Inner Working of defaultdict

Defaultdict adds one writable instance variable and one method in addition to the standard dictionary operations. The instance variable is the default_factory parameter and the method provided is missing.

Default_factory: It is a function returning the default value for the dictionary defined. If this argument is absent then the dictionary raises a KeyError.

# Python program to demonstrate # default_factory argument of # defaultdict
from collections import defaultdict

# Defining the dict and passing # lambda as default_factory argument
d = defaultdict(lambda: "Not Present")
d["a"] = 1
d["b"] = 2

print(d["a"])
print(d["b"])
print(d["c"])
1
2
Not Present

from collections import defaultdict
# Correct instantiation
def_dict = defaultdict(list)  # Pass list to .default_factory
def_dict['one'] = 1  # Add a key-value pair
def_dict['missing']  # Access a missing key returns an empty list
[]

def_dict['another_missing'].append(4)  # Modify a missing key
def_dict
defaultdict(list, {'another_missing': [4], 'missing': [], 'one': 1})

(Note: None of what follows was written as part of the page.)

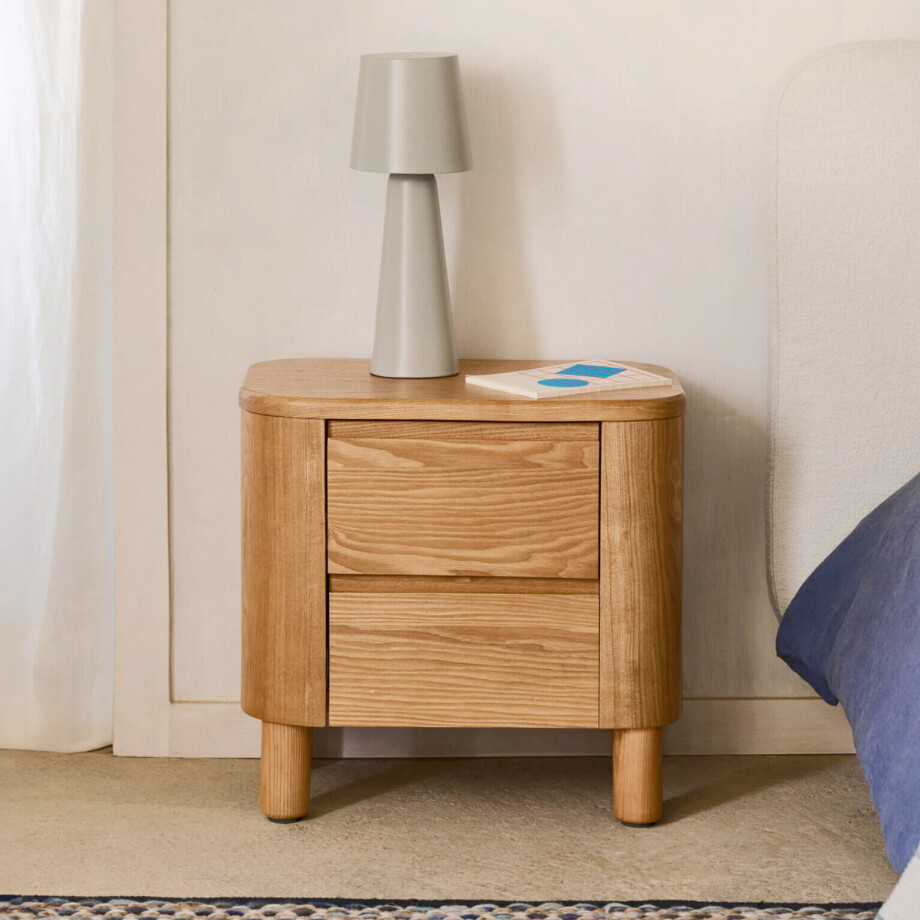 Kave Home Nachtkastje 'Salaya' Essenhout, Met 2 lades afbeelding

dep = [('Sales', 'John Doe'),
       ('Sales', 'Martin Smith'),
       ('Accounting', 'Jane Doe'),
       ('Marketing', 'Elizabeth Smith'),
       ('Marketing', 'Adam Doe')]

from collections import defaultdict

dep_dd = defaultdict(list) #For uniqueness instead of list use set
for department, employee in dep:
    dep_dd[department].append(employee)

print(dep_dd)
defaultdict(<class 'list'>, {'Sales': ['John Doe', 'Martin Smith'], 'Accounting': ['Jane Doe'], 'Marketing': ['Elizabeth Smith', 'Adam Doe']})
In this example, you group the employees by their department using a defaultdict with .default_factory set to list. To do this with a regular dictionary, you can use dict.setdefault() as follows:

dep_d = dict()
for department, employee in dep:
    dep_d.setdefault(department, []).append(employee)

print(dep_d)
{'Sales': ['John Doe', 'Martin Smith'], 'Accounting': ['Jane Doe'], 'Marketing': ['Elizabeth Smith', 'Adam Doe']}

This code is straightforward, and you’ll find similar code quite often in your work as a Python coder. However, the defaultdict version is arguably more readable, and for large datasets, it can also be a lot faster and more efficient. So, if speed is a concern for you, then you should consider using a defaultdict instead of a standard dict.

Auto-vivification

Defauldict are used to easily make nested dicts. It is called Auto-vivification.

from collections import defaultdict
import json
def turtles():
  return defaultdict(turtles)

data = turtles()
data["Hello"]="Hey!"
data["Foo"]["bar"]["baz"]="hmmm"

print(json.dumps(data, indent=1))
{
 "Hello": "Hey!",
 "Foo": {
  "bar": {
   "baz": "hmmm"
  }
 }
}